Barbara Walters grew up in the glamorous-adjacent world of Lou Walters, the man she described in her memoir as “my brilliant and mercurial impresario of a father.” Lou Walters was an agent going back to the days of vaudeville, the son of Eastern European Jewish immigrants who came to the United States at age 15. His clients included the radio star Fred Allen and “The Wizard of Oz” tin man, Jack Haley. So, his daughter was always comfortable around celebrities.
Lou Walters made and lost several fortunes as the economics of the country in general and show business in particular shifted. Jackie, Barbara’s only sister, was cognitively impaired. This instability and knowing that she would always be responsible for her sister bolstered her resolve to succeed in an era when it was unusual and widely frowned upon for women to want to have the kind of careers usually reserved for men. She described herself as “a sad and serious little girl.”
She initially planned to call her memoir, Sister, because of the impact Jackie had on her life, and because in the memoir she was for the first time open about her conflicted feelings of love, shame, and responsibility. But she ultimately called it Audition, seemingly an odd choice for someone with an astonishing record of achievement. It is an indication of what impelled her. She never felt that she had arrived, that she was done. “Much of the need I had to prove myself, to achieve, to provide, to protect, can be traced to my feelings about Jackie….As I look back,” she wrote, “it feels to me that my life has been one long audition—an attempt to make a difference and be accepted.” Tellingly, she named her only daughter Jacqueline, after her sister.
Barbara referred to her predecessors as “Today Girls” as “tea-pourers,” whose “major requirement on the Today show was to look wide awake and pretty at 7:00 am … In that ‘don’t worry your pretty little head’ era the popular culture on television mirrored the sweet and subservient image of the good wife; it did not include women who were doing anything with their brains.” She was the one who changed that, in part, she acknowledged, because she came along at the right time.

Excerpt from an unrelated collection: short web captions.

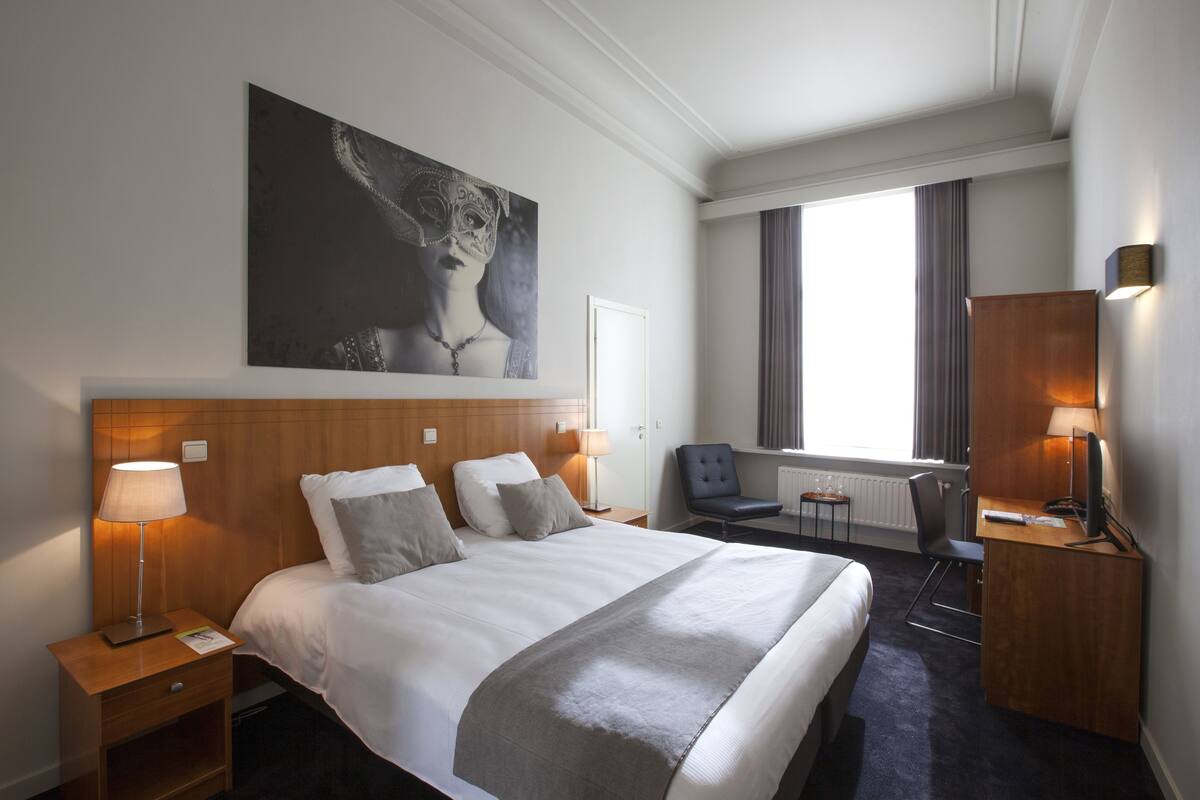Una habitación de hotel con una cama grande, lámparas de noche, un escritorio, una silla y un cuadro grande en la pared.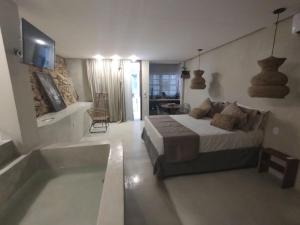 1 dormitorio con 1 cama grande y bañera en Casa Oyá en Morro de São Paulo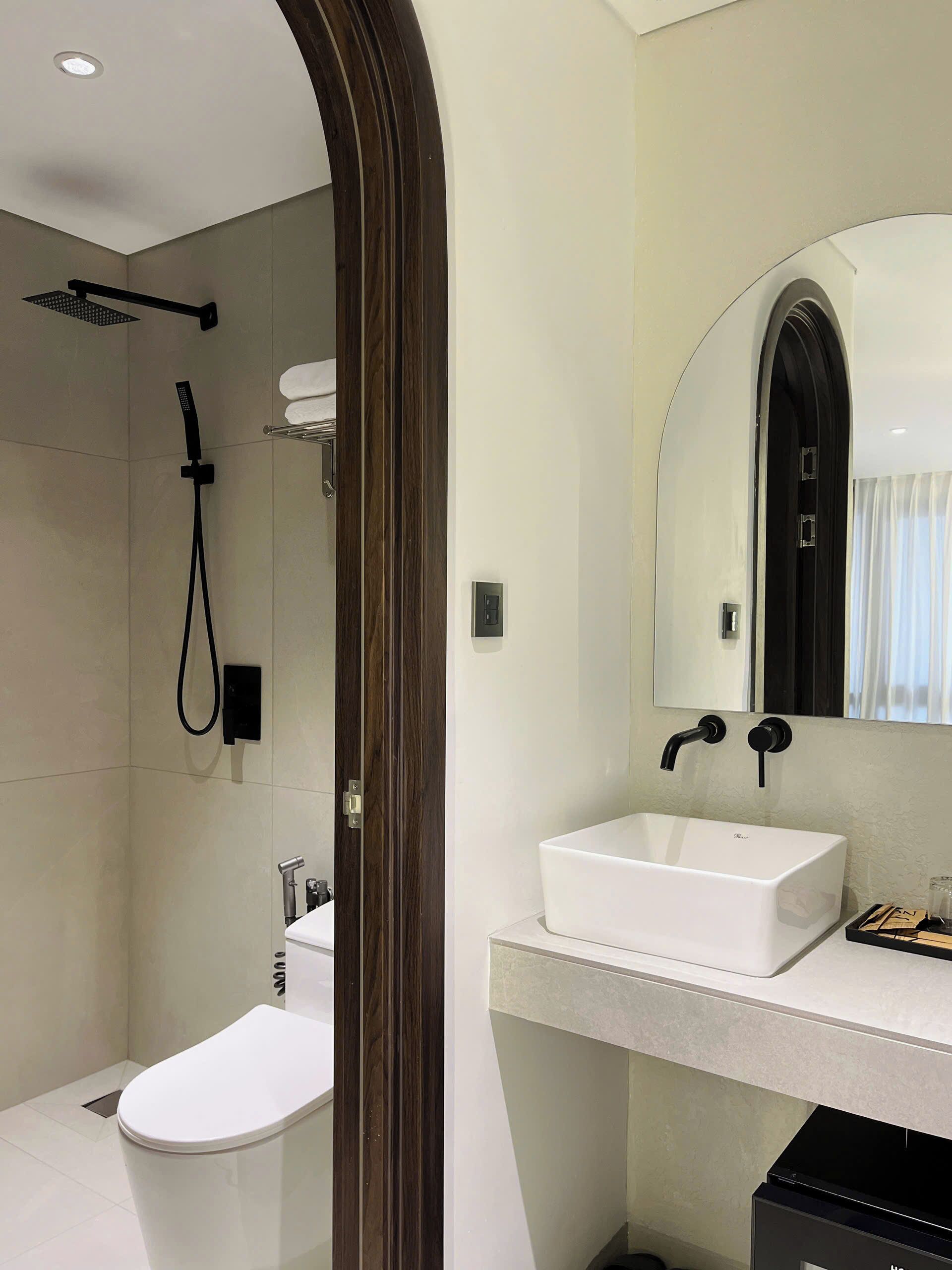 A modern bathroom with a shower, toilet, and sink.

But she helped to make it the right time. When her co-host, Frank McGee, refused to allow her to ask questions of interview subjects, finally agreeing that after he asked four, she could ask one, she came up with a way around it. His rule applied only to interviews in the studio. If she found her own interview subjects and filmed them outside the studio, she could do it any way she wanted. Those interviews took audiences into the subjects’ homes and workplaces. After McGee’s death, she finally became the official co-host, leading to women co-hosts on every morning show. She considered that one of her most significant legacies.